Moody’s Investors Service Wednesday affirmed its A1 rating on $90 billion of California general obligation bonds.
Among the states, only Illinois GO bonds are rated lower than California by Moody’s.
“A volatile tax revenue structure and governance issues, particularly restrictions placed on the Legislature in the budgeting process and a reluctance to build reserves during the last recovery, have made it difficult for the state to address economic and revenue downturns,” Moody’s said in its report.
The rating agency said a weak economic recovery may mean California’s financial problems will continue.
However, Moody’s said the long-term economic prospects for the state are good while its long-term debts are “moderate compared to many other states.”
Analysts also noted that the California Legislature’s ability to pass on-time budgets may signal a shift in its ability to overcome political problems to close deficits without a delay.
The rating agency said it will keep the state’s outlook at stable as it is expected the state will be able to deal with future fiscal problems without facing major crisis.

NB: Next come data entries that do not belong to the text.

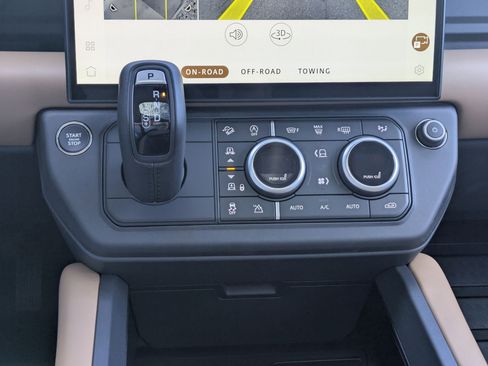 New 2026 Land Rover Defender 110 X-Dynamic SE AWD/4WD image 23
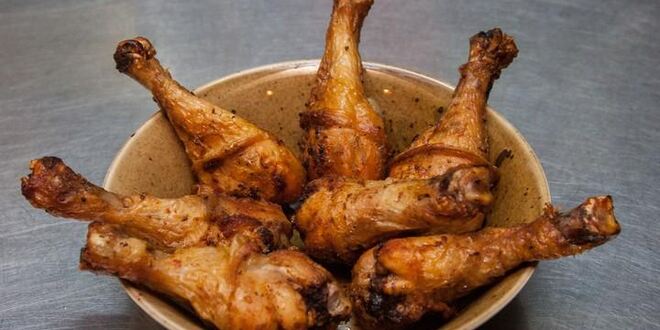 Рецепт куриных голеней с аджикой в слоеном тесте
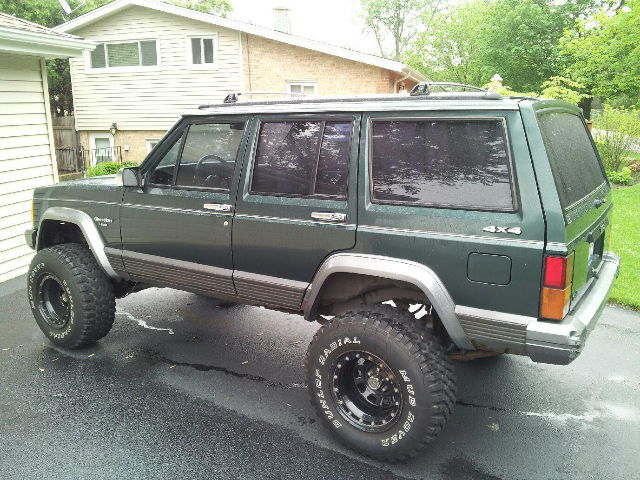 Cherokee's with 4.5'' lift or less and 32&quot; or bigger-forumrunner_20130707_142713.jpg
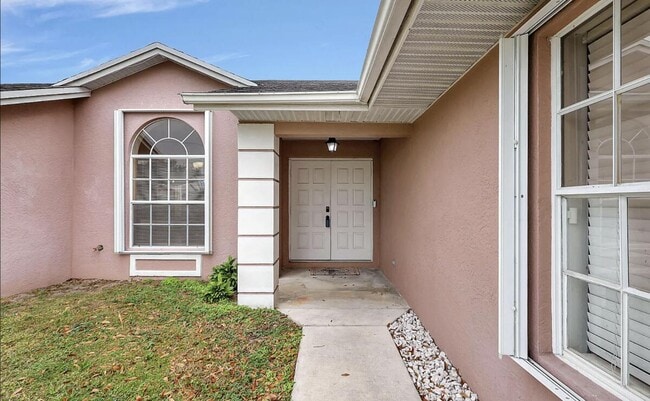 Building Photo - 1751 SW Southworth Terrace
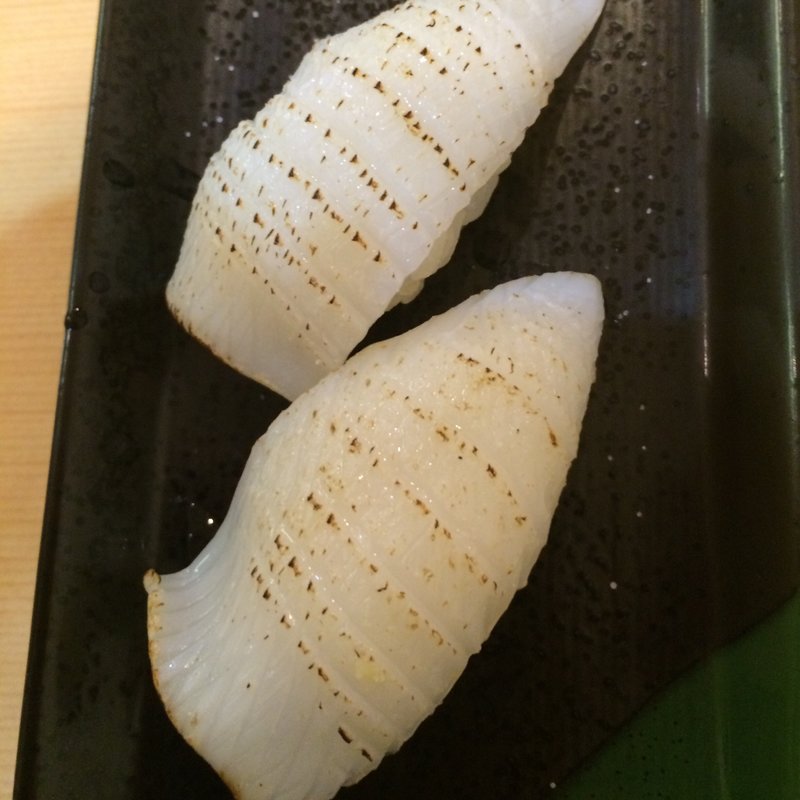 剣先いかあぶり(にぎり鮨 魚魚 （さかなさかな）)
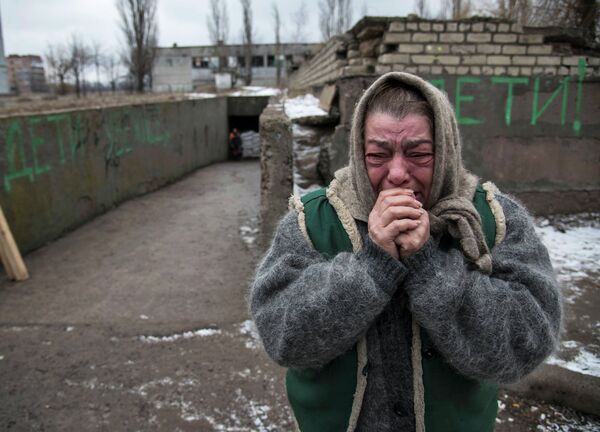 Пожилая женщина реагирует на то, что ее знакомые покидают зону вооруженного конфликта в Дебальцево, Украина. 5 февраля 2015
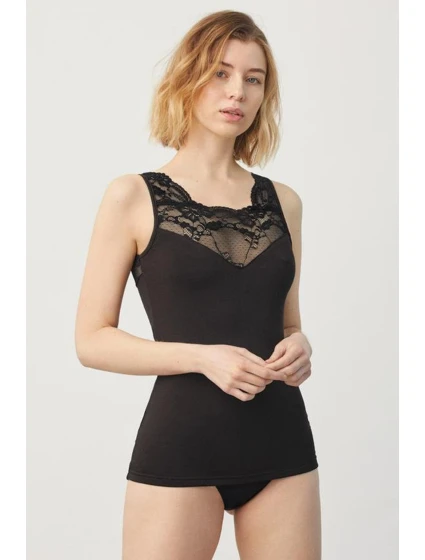 model 21734750 - Ysabel Mora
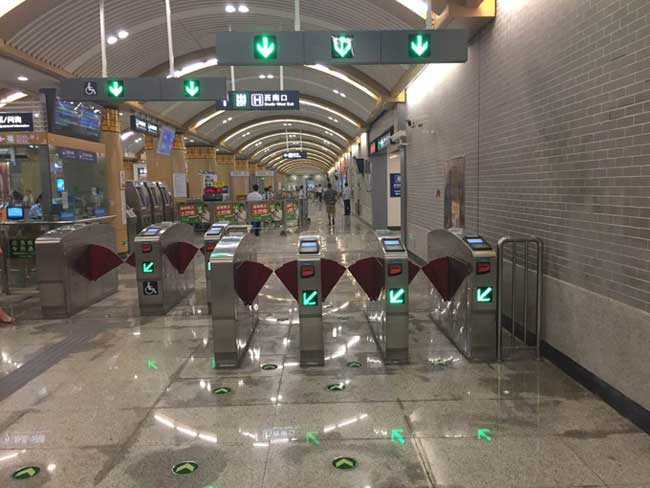 北京7號(hào)線通道閘案例 - 中出網(wǎng)-智能出入口與停車充電門戶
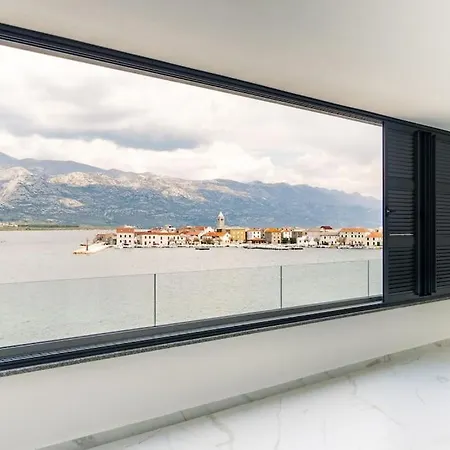דירה Luxury Beachfront Penthouse With Whirlpool And Spacious Rooftop Terrace,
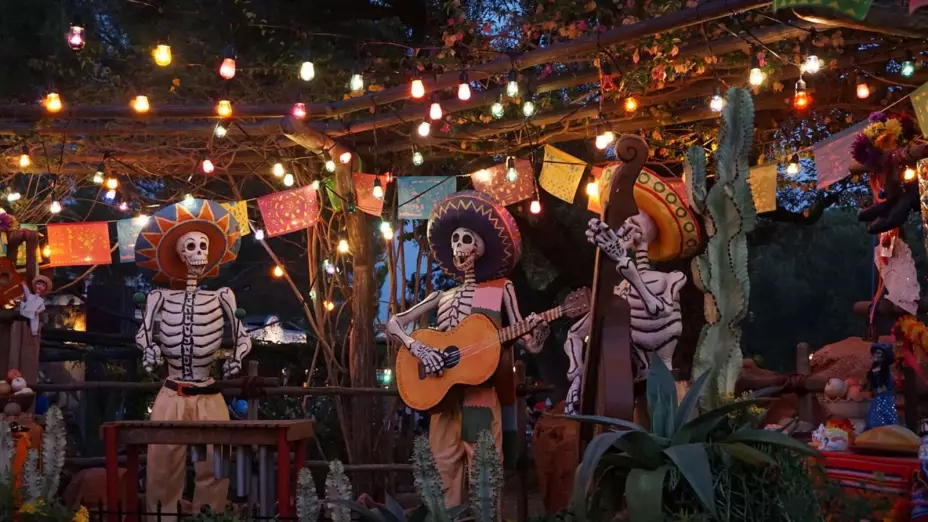 Día de Muertos 2022 papel picado ofrenda México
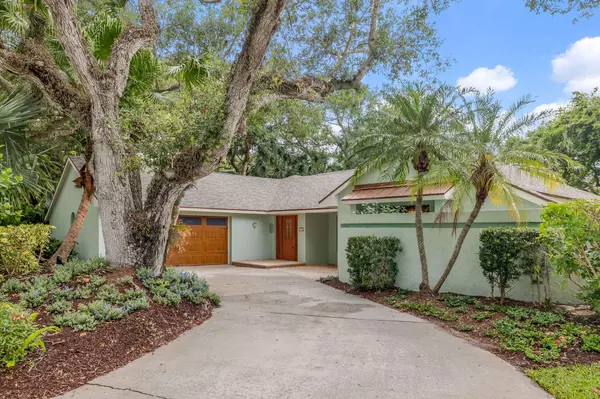 Vero Beach, FL 32963,1160 Driftwood DR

At the end of June, Gov. Jerry Brown signed $91.3 billion general-fund spending plan that closed an estimated $15.7 billion deficit.
The budget relies on voter approval of a tax initiative in November to raise an estimated $5.5 billion of revenue.
The measure would temporarily increase California’s sales tax by a quarter-cent and raise taxes on income starting at $250,000.
If that fails, the axe will fall on education through “trigger cuts.”
Standard & Poor’s and Fitch Ratings both rate California’s GO bonds A-minus, two notches lower than Moody’s. S&P has a positive outlook on the state, while Fitch has it at stable.